Disabling the Module #
Disabling Returns is almost never recommended — it’s the highest-signal module. The only realistic use case is: you’ve completely rebuilt scoring around external data (CRM, dedicated fraud platform) and Returns signals are interfering with your custom logic. Even then, consider disabling only the Returns signals in your custom code via trustlens/score_signals rather than turning off the module — keeping the module on preserves the aggregate stats on the customer record, which are useful for the Dashboard and Customer Detail views regardless of scoring.
What Happens When You Disable It #
- No new refund events are recorded — aggregate counts stop updating
- No Returns signals contribute to scores
- The Returns settings sub-section is hidden
- Existing
return_rate,total_refunds, and related columns are preserved - The Dashboard’s Refund Activity chart and Top Returners list go stale (no new data)
Re-enabling resumes observation from that point — existing customers don’t get retroactive credit or penalty for refunds during the off period.

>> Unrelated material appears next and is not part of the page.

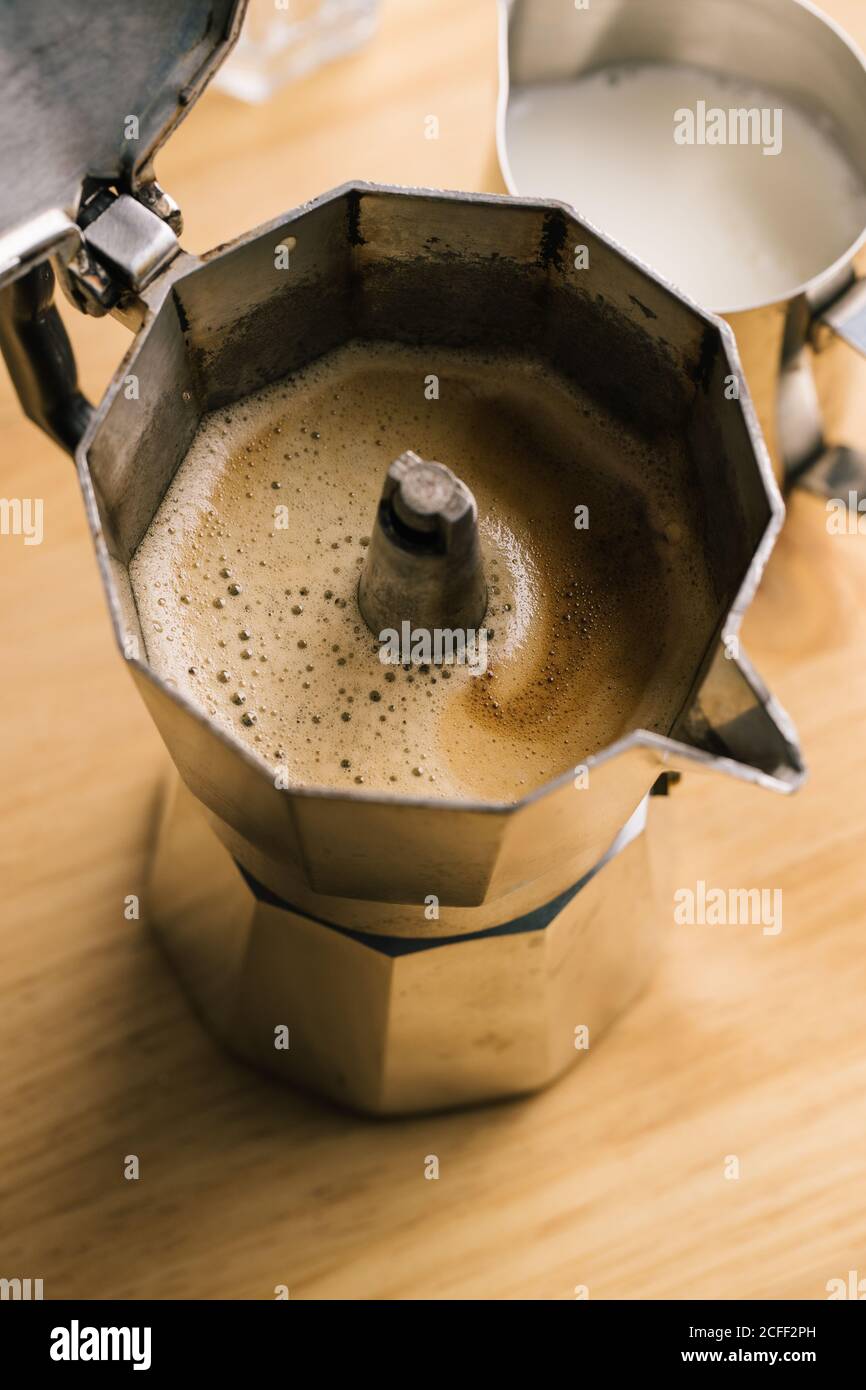 Geyser Kaffeemaschine und Milchkrug Stockfoto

Reading the Returns Section of a Profile #
On the Customer Detail page, the Returns module’s contribution shows up in two places:
- The signal breakdown — one to three rows tagged with the
returnsmodule ID, each with its score and reason - The Return Rate trend chart — a 30-day or 90-day view of how the customer’s return rate has moved
The stats panel also shows the underlying counts (total refunds, full vs partial, total refund value) so you can verify the signal calculation by hand.
API Access #
The Returns module’s data is part of the customer record and is accessible via REST:
GET /wp-json/trustlens/v1/customers/{email_hash}
Response includes total_refunds, full_refunds, partial_refunds, total_refund_value, return_rate, and last_refund_date. See REST API Reference.